Welcome to the a:n Treeline blog – An a:n bursary international visit by members of the Black Hole Club at Vivid Projects and Salt road artists as part of the Treeline project, an ecology biomimicry & global environmental change artist and Science program, With Black Hole Club artists Rebecca Mahay, Daniel Hopkins, David Checkley, Kate Spence, Jaime Jackson Coral Manton, Leon Trimble and Salt road artist curator Sally Payen. The bursary has enabled artists to develop the ideas that inform their practice in an international context, and for Salt road to develop an international network to develop and deliver a future program of works in Europe.
The tree line, like lake boundaries, appears well-defined from a distance, but upon sufficiently close inspection it is a gradual transition. Trees grow shorter towards the inhospitable climate until they simply stop growing’.
Treeline is a European Biomimicry Global Environmental Change & Biophila art and science climate change adaption artist residency, commissioning exhibition and seminar programme, linking Wales and England with the Basque Country and Oslo. Through a partnership network between D10 and New Art West Midlands Birmingham/ the Midlands, i-DAT Plymouth, PNEK Oslo (Production Network for Electronic Art, Norway) and Technarte Bilbao.
Artists will be working with scientists and researchers with University of Wales Trinity St David and across a network of universities including University of Birmingham, Birmingham City University, Plymouth University, Oslo University, The University of the Basque Country BC3 (the Basque Centre of Climate Change), Autonomous University of Barcelona Institute of Environmental Sciences and Technology , Oslo and Akershus University College of Applied Sciences and the Oslo Academy of Fine Art.

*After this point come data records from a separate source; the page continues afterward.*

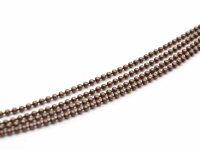 Kugelkette in kupferfarben 1,5mm 2m
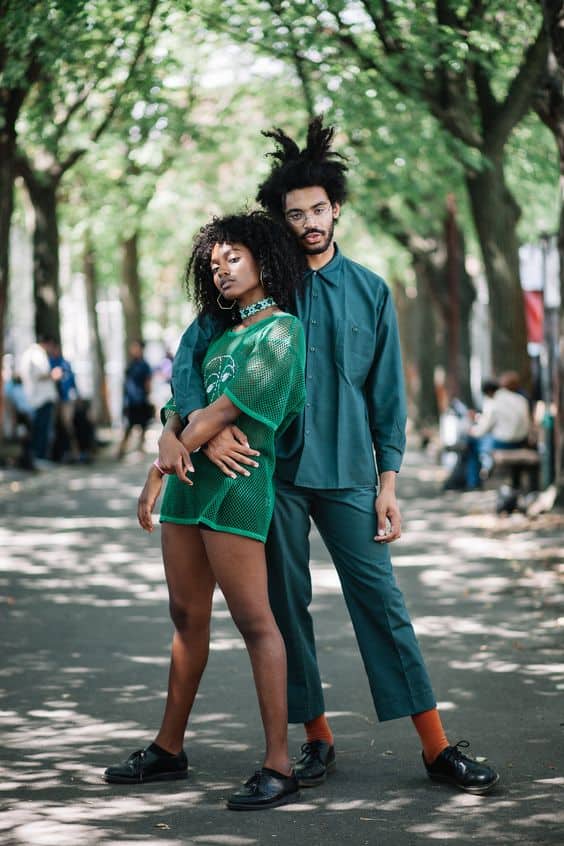 Couple up and Match it Up: Black Couple Goals in Matching Outfits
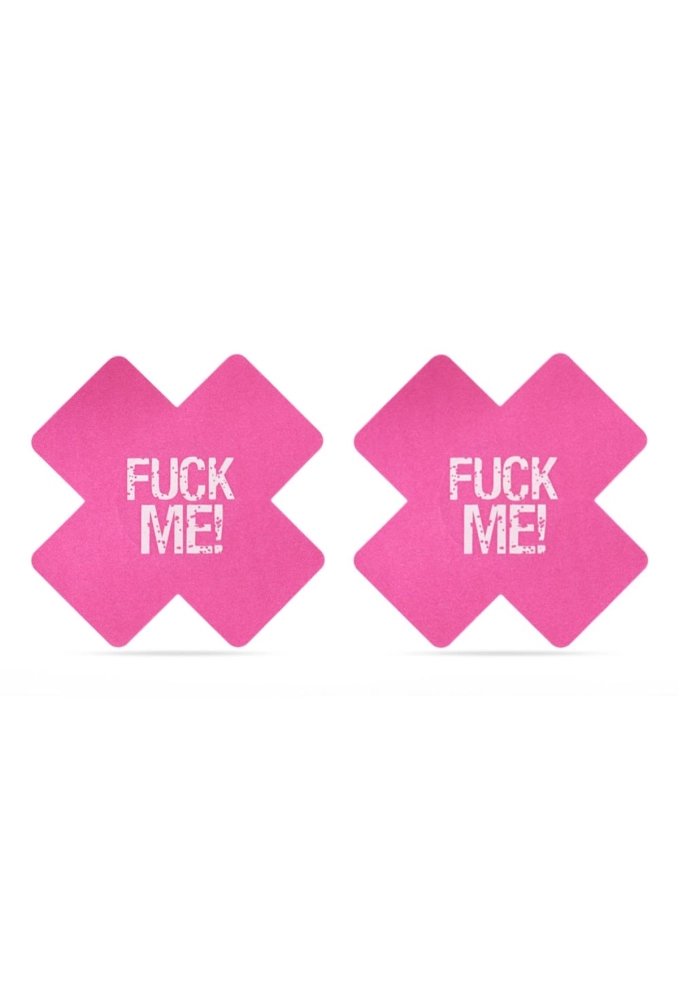 Lovetoy FUCK ME Cross Pattern Nipple Pasties - nasutniki z napisem 2.webp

The program links the international Biophilic City, a European Green Capital and Euro City programmes. Treeline will be delivered in partnership with project hub organisations in cities in the Basque Country, Oslo, England and Wales including:
New Art West Midlands in Birmingham and the Midlands
i-DAT in Plymouth
D10 in Wales
PNEK In Oslo (Production Network for Electronic Art, Norway).
This is a socially engaged project between artists, scientists and communities, allowing artists to work with communities to articulate a bridge between knowledge and belief, and reconnect people to their own human nature. About how we adapt to the climate changing to the idea to really feel it, to collaborate, an academic and co-production perspectives to make connections between heart and head. And how scientists are affected by working with artists. From a sociological and anthropology position to see how contextual and cultural values of a community shape its environmental behaviour in view of climate action. Developing more effective communication strategies in order to engage society.

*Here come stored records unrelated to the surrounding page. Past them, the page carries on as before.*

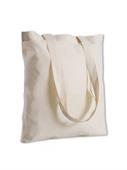 Pg210  Borsa Cotone Natural Manici Lunghi 38X42 130 gr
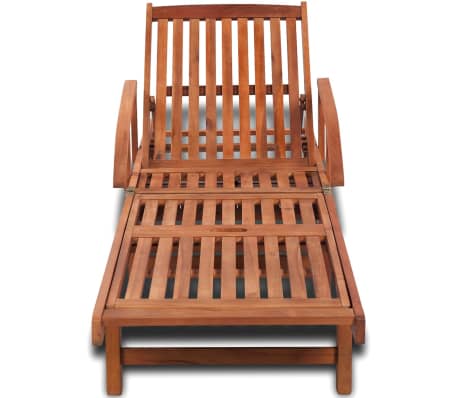 vidaXL Tumbona de madera maciza de acacia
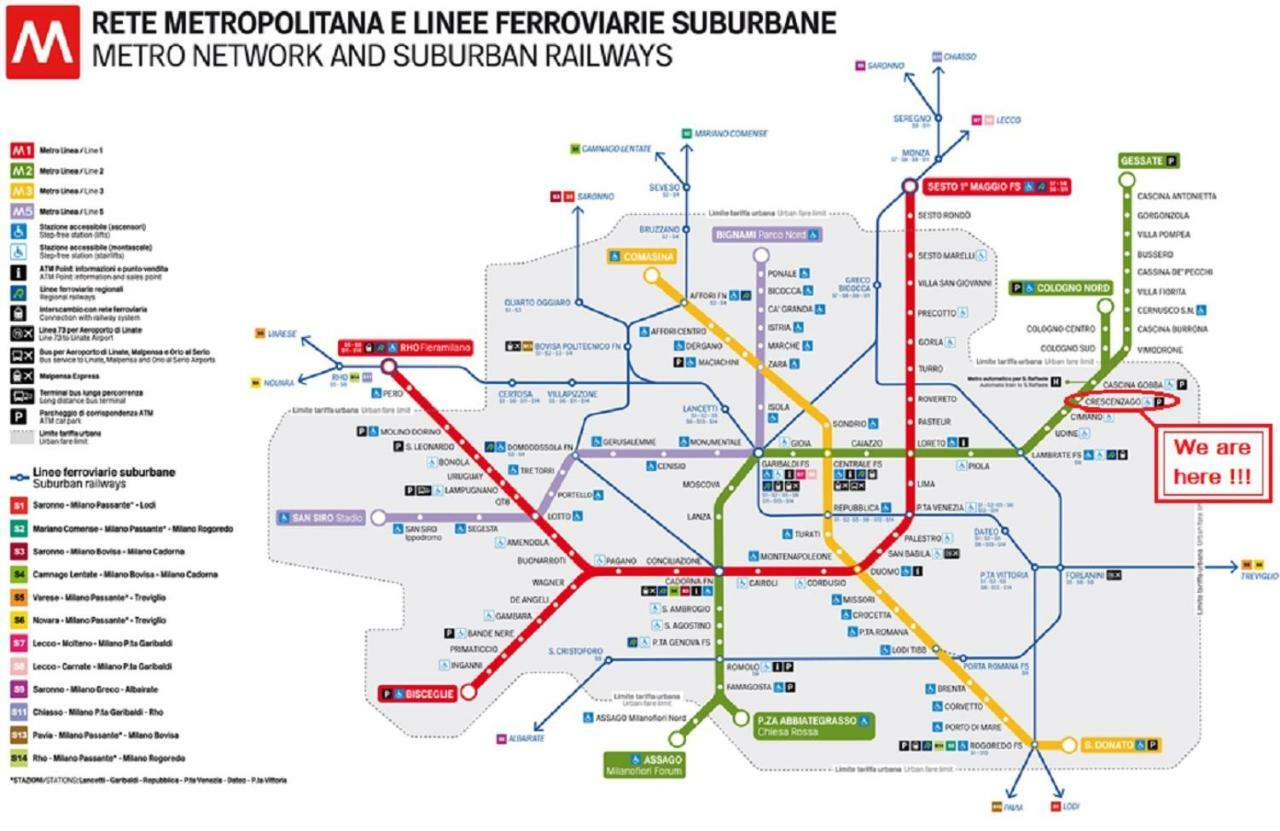 Appartamento Palmanova Vicino Alla Metropolitana มิลาน ภายนอก รูปภาพ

Treeline Video by Jaime Jackson
The Treeline is an Arts Council England funded visual art commission program linking artists with academics, asking if artists can create a real state change in culture, a re-visioning of social value structures. If art is at the heart of our understanding of social values, can artists working with ecological aesthetics bridge the gap between knowledge and belief. Can artists and the art that they make re-vision the world’s value structure towards nature, the environment and the planet’s resources, to create a real state of emergency, to work with scientists to create a real state change in culture.
I’ve worked as an artist in the world of climate change for 15 years and have been part of many discussions… In moments of despair, it feels like art can’t begin to touch what needs to be done. At other times, it feels like the creative world can open out the conversation and facts in a way that transcends science and also doesn’t alienate or intimidate the casual or lay audience. Michèle Noach, Norwegian Environmental activist & artist based in London, working as a writer on Treeline.
What is the link between the patriarchy and ecocide?
This division between nature and culture is a central component of modern aesthetics. The concept of disinterest that announces itself during the 18th century….signifies exactly this kind of categorical division between culture and civilisation, governed by our desires and interests, and the natural realm that is conceived as a counterpoint, as something outside our human concerns. There is something deeply problematic about this categorical division.’ Fredriksson, A. ‘Environmental Aesthetics Beyond the Dialectics of Interest and Disinterest.
’Why? Fredriksson writes, ‘our understanding of nature…makes us forget the whole story of our natural life-form.’ This forgetting enables an overview whereby other humans as well as natural forms are treated as external, or as environment, enabling their categorisation as, for example, resource. Could natural scenes be a prompt for alternative perspectives or ditching the model of perspective itself which separates the viewer’s eye from the scene observed? Or would that elinate the distancing, which, in modern aesthetics, is the location of criticality.’
Malcolm Miles. Eco-Aesthetics- Art, Literature and Architecture in a period of Climate Change.